Chris Salerno: Minimum Heroic
“If they cut my bald head open they will find one big boxing glove.” These are the words of Marvin Hagler, a retired New Jersey professional boxer who was an undisputed world middleweight champion from 1980 to 1987. These are also the first words of Christopher Salerno’s second authored book of poetry, Minimum Heroic.
“Marvin Hagler was a very serious boxer,” Salerno explains, ”who lost a famous title fight to a flashier opponent, and the fight was so close that the referee had to call the shot. But I couldn’t help but feel like Hagler lost to his opponent’s personality, not his skill.”
In many ways, this is the most applicable explanation to preface the content of Salerno’s book. Marvin, like most other serious competitors, was punished for his inability to be the loudest and brightest, but when did we start measuring accomplishments by way of volume and light?
Spliced into three sections, Minimum Heroic pays homage to the imperfections of mankind. It is stark with heightened self-awareness, and it idles between tiny social wars, which Salerno brings front and center, such as: man versus nature, society versus purity, and depthless action versus true commitment.

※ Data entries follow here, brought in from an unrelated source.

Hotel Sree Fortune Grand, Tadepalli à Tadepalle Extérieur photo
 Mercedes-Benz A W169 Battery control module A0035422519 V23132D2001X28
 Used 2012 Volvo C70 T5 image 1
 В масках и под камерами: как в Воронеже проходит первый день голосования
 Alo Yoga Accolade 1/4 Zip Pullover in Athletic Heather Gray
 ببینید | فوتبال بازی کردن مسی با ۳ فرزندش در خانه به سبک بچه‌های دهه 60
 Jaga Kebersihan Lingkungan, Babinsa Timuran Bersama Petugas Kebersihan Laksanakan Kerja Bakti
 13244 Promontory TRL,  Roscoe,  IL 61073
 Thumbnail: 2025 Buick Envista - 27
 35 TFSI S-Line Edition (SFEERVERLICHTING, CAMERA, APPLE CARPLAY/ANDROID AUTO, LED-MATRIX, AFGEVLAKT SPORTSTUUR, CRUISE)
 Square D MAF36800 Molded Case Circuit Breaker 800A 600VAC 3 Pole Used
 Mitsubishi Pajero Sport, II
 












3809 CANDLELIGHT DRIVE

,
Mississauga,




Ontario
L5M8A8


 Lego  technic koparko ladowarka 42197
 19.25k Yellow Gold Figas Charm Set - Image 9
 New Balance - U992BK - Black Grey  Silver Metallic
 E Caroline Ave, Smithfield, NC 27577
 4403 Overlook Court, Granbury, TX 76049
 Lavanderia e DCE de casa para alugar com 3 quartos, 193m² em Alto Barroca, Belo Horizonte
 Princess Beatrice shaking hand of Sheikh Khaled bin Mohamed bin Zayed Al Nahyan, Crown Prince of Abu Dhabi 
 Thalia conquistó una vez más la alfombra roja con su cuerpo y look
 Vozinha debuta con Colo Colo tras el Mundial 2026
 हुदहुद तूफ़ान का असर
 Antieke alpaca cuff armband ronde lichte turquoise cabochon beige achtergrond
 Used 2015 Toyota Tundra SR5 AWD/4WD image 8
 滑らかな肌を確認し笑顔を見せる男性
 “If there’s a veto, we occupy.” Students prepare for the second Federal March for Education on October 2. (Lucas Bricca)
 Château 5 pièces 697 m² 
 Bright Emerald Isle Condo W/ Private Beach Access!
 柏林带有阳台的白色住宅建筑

Its string of poetry disturbs the idea of suburban convention, and invokes an existential chain of undetermined questions: Are we constantly distracted by arbitrary symbols of perfection? What is a modern day hero? Why are we so quick to congratulate ourselves for surviving ordinary obstacles in such extraordinary ways? If nature gets to be pristine, then why do people have to fail?
Salerno, author of 2006 Whirligig, was born and raised in New Jersey. He uses images from his formative years to create the backdrop for this confessional collection of textured poetry. “The poems in this book concern themselves with the nuances of suburban life,” he admits. “The idea of the book title comes from the existence of a life that offers some heroism, maybe, but not really, or a glimpse of heroic nature, but not definitely.”